Dwayne says STL stays tuned into innovation in a multitude of other industries in addition to manufacturing.
“If we get complacent, we will lose to companies we don’t even know about. Any label manufacturer capable of making the products we do is also changing and evolving like we are. Like us, they do not see themselves as pigeon-holed into one traditional area.” He adds, “It keeps us on our toes because opportunity knocks softly and is easily overlooked.”
Dwayne’s years as an innovator have left invaluable lessons. On being an owner, Dwayne sees himself as strategian and visionary, supporting the development of new products and managing long-term value for customers. Even though Dwayne works remotely and has for years, he mixes hands-off management with being an inspirational force.
Hiring, for example, starts with commitment and a process. “Personnel development takes a couple of years,” says Dwayne. “We need to get new people through year one, then year three and then year five. If they stay the first year, maybe we have a pretty good fit. This person demonstrates that they do not mind the work. After three years, a person who stays shows their ability to grow through adversity. By year five, we probably have promoted them, and they’ve had additional training.”

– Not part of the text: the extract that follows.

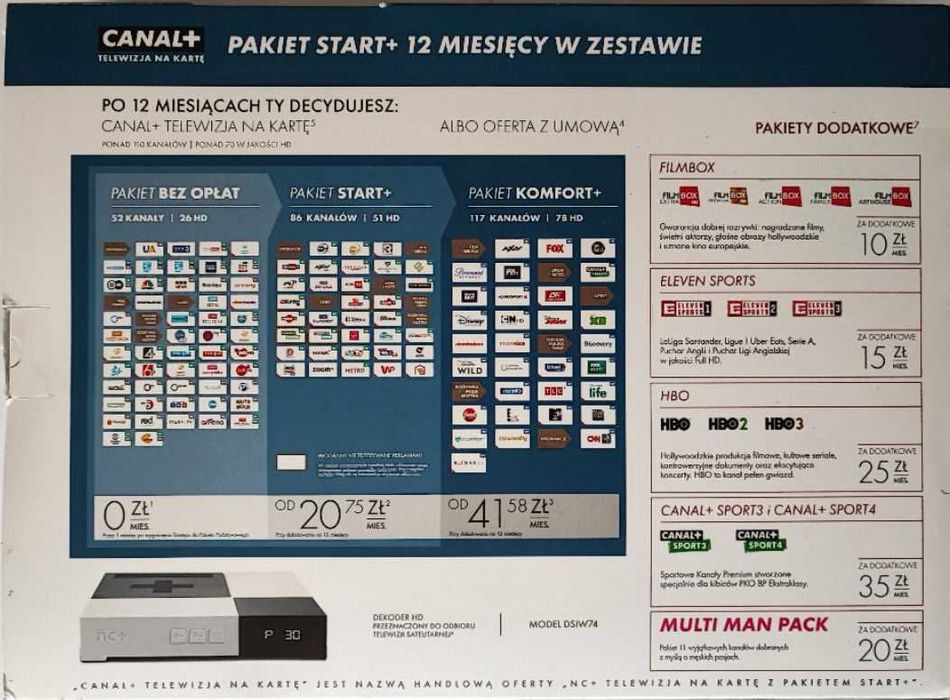Dekoder Sagemcom DSIW74 Telewizja Na Kartę NC+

STL incorporates sales training and management education classes along with cross-training, important for the team dynamic. For the marketing side, STL uses online advertising, word of mouth, and traditional prospecting. Salespeople and technical reps focus on existing customers and their manufacturing sites.
“We have three customer service people who play offense, calling customers monthly to get projections and sell stock from our growing stock products program,” explains Dwayne. “We’ve adjusted our compensation model recently to allow each team player to be the most effective in their area.”
Dwayne believes sustainability – and the end user’s perception of sustainability – will drive advancements in materials, adhesives and coatings.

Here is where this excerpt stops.